In 2025, a Vogue headline read, ‘Why luxury brands are sliding into the DMs’. Dior had curated a Close Friends list on Instagram and Louis Vuitton was messaging users photos directly from its shows.
As brands get more personal, their representation has to follow suit. For decades, endorsements were structured, transactional and tightly controlled. Contracts ran for years, shoots were scheduled down to the day and celebrities appeared in carefully orchestrated campaigns. As former chief marketing officer at Motorola and former executive vice president of marketing at PepsiCo India, entrepreneur Lloyd Mathias recalls when deals with stars like Sachin Tendulkar and Shah Rukh Khan were long-term commitments, with defined deliverables and annual escalation clauses.
“The stars would commit five days a year to shoot commercials and posters. We would do them with the likes of [photographer] Atul Kasbekar and use those images for campaigns through the year,” he says. Celebrities also made appearances beyond ads. “In 2002, I remember Mr. Bachchan, Preity Zinta and other celebrities came and met PepsiCo employees,” he recalls.
Ambi Parameswaran, brand strategist and author, points to similar activities across sectors. “When ICICI Bank signed Shah Rukh Khan, they did NRI events in Dubai, and he personally met high net worth individuals,” he says. But the relationship between brands and stars goes all the way back to 1941.
Some Strings Attached
In 1941, Leela Chitnis became the first Indian film star to endorse Lux, at a time when being featured in national campaigns was seen as being reward enough.
“In the ’50s, I don’t think Lux even paid the stars for the endorsement. They were told that if they appeared in a Lux ad, their photo would be in all the leading magazines and newspapers,” Parameswaran says. “[Lux] employed someone in Hindustan Unilever whose job was to liaison with Hindi and Tamil film [actors]. Slowly, they realised there’s money in this, and it became the money-making racket [that it is today].”
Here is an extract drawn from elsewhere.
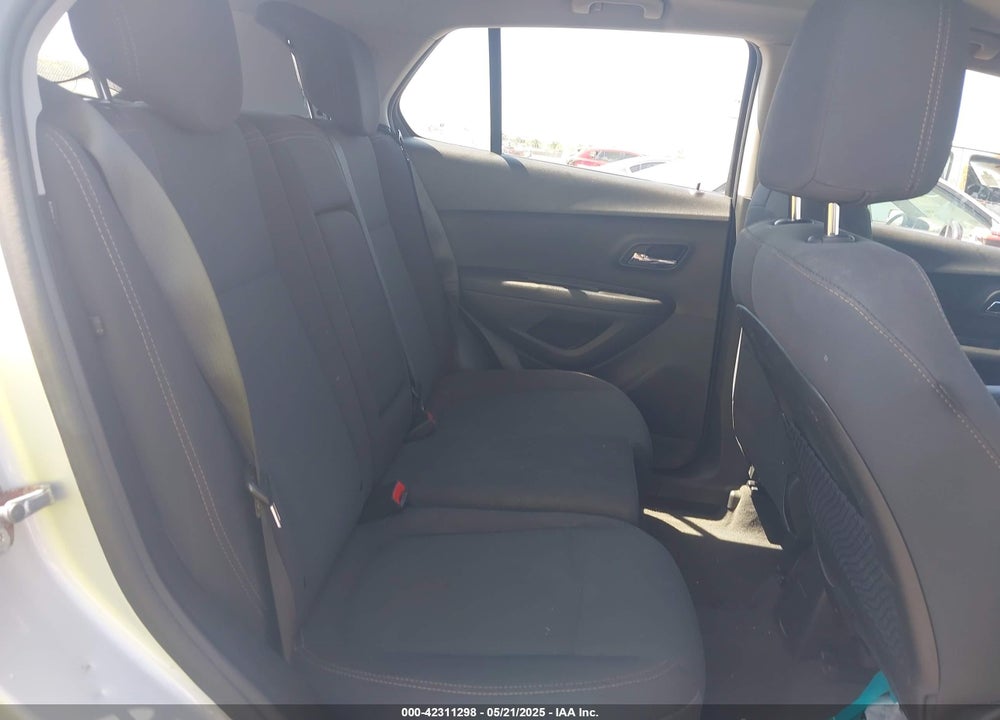 2019 CHEVROLET TRAX LS VIN: 3GNCJKSB3KL332144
The titles have multiplied since. Celebrities are no longer just endorsers; they’re ‘global ambassadors’, ‘muses’, ‘campaign ambassadors’ — and increasingly, ‘friends of the house’. In the past month alone, actor Triptii Dimri joined Victoria’s Secret as ambassador, cricketer Smriti Mandhana became a ‘friend’ of Rado and actor Sobhita Dhulipala was named a muse for Charlotte Tilbury.
The language has evolved but the shift runs deeper than semantics.
Celebrity endorsements, not too long ago, were built on exclusivity. As Mathias points out, even after a contract ended, celebrities were often locked into cooling-off periods — sometimes stretching up to a year — where they couldn’t touch a competing brand.
That kind of rigidity feels almost quaint now. Being ‘friendly’ with brands, celebrities move freely across labels, categories and even companies.
“One thing I’ve learned working in Bollywood, is that there’s no friends without money. And why should there be?” asks Dhruv Jha, a consultant who works with celebrities and athletes.
Mathias agrees. Being ‘friends’ with a brand is a project-based relationship which is often social media-focused. “Maybe they have an agreement where [the celebrity] will do a specific number of appearances or posts on Instagram,” he says, a fact evident in actor Janhvi Kapoor’s engagement with Baume & Mercier, as a newly committed Friend of the Maison.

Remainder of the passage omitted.